All very interesting, the near perfect choice music score accompanies the often sad and depressing tempo of the film. French with English subtitles.

 

Very Highly Recommended (imho)

 

Debs

 

~~<<>>~~

 

Musiques (from the film end credits)

 

Ludwig Van Beethoven

Trio avec piano in D op.70 no.1 ré majeur

Largo assai ed espressivo

 

Wolfgang Amadeus Mozart

Trio "Les Quilles" K.498

transcrit pour violon, violoncelle et piano

Rondeau allegretto

 

Domenico Scarlatti

sonate K322

 

Franz Schubert

Sonate pour piano en la mineur D.959

Andante

 

Robert Schumann

Etudes symphoniques op.13, 9ème variation

Davidbundletanze op.6,variation Wie aus der Ferne

 

François Rauber

Marche Napoléoniene et Fanfares

Musique de la Garde Républicaine - Direction : Major Péaud

 

Interprètes

Regis Pasquier violon

Lluis caret violoncelle

Philippe cassard piano

Pierre Hantaï  clavecin

 

~ ~<<>>~ ~  

Posted on: 02 July 2011 by Haim Ronen

Posted on: 05 July 2011 by Blueknowz

This received some poor reviews ,which I don't understand!

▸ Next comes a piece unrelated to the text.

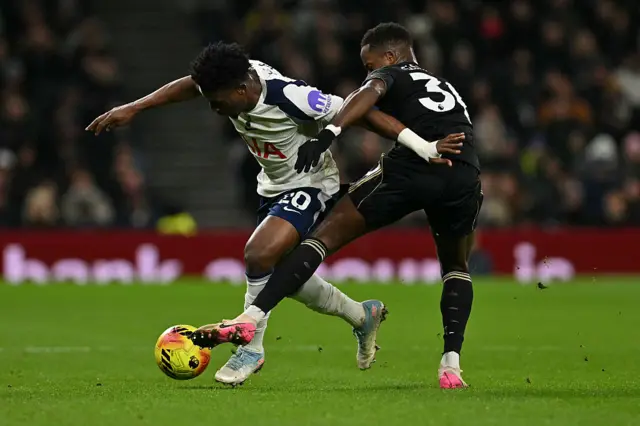Ryan Sessegnon (R) tackles Mohammed Kudus (L)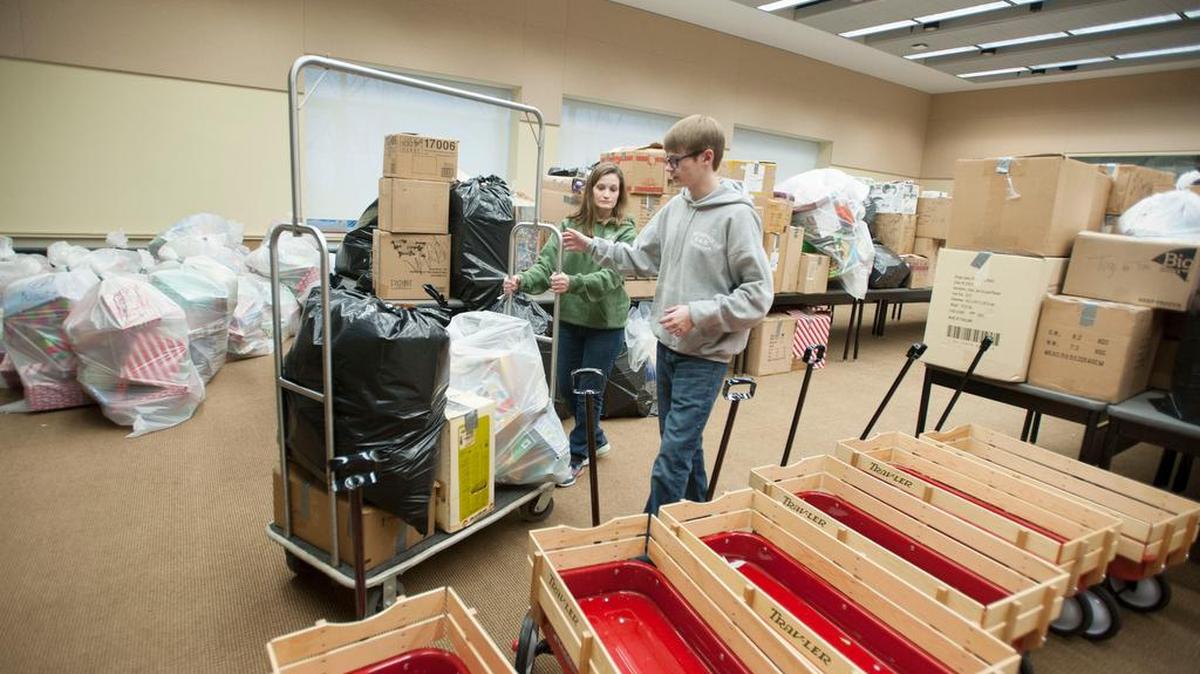 Shelby Foster and Collin Foster, 15, organize bags of toys as the Centre County Toys for Tots campaign came to a close Sunday at The Penn Stater Hotel and Conference Center.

Had me on the edge of my seat & despite what some claim on Amazon,you will not figure out the twist in this film.

Posted on: 05 July 2011 by Haim Ronen

 

Directed by Ilisa Barbash and Lucien Castaing-Taylor
USA 2008

 

An unsentimental elegy to the American West, Sweetgrass follows the last modern-day cowboys to lead their flocks of sheep up into Montana's breathtaking and often dangerous Absaroka-Beartooth mountains for summer pasture. This astonishingly beautiful film reveals a world in which nature and culture, animals and humans, and vulnerability and violence are all intimately meshed.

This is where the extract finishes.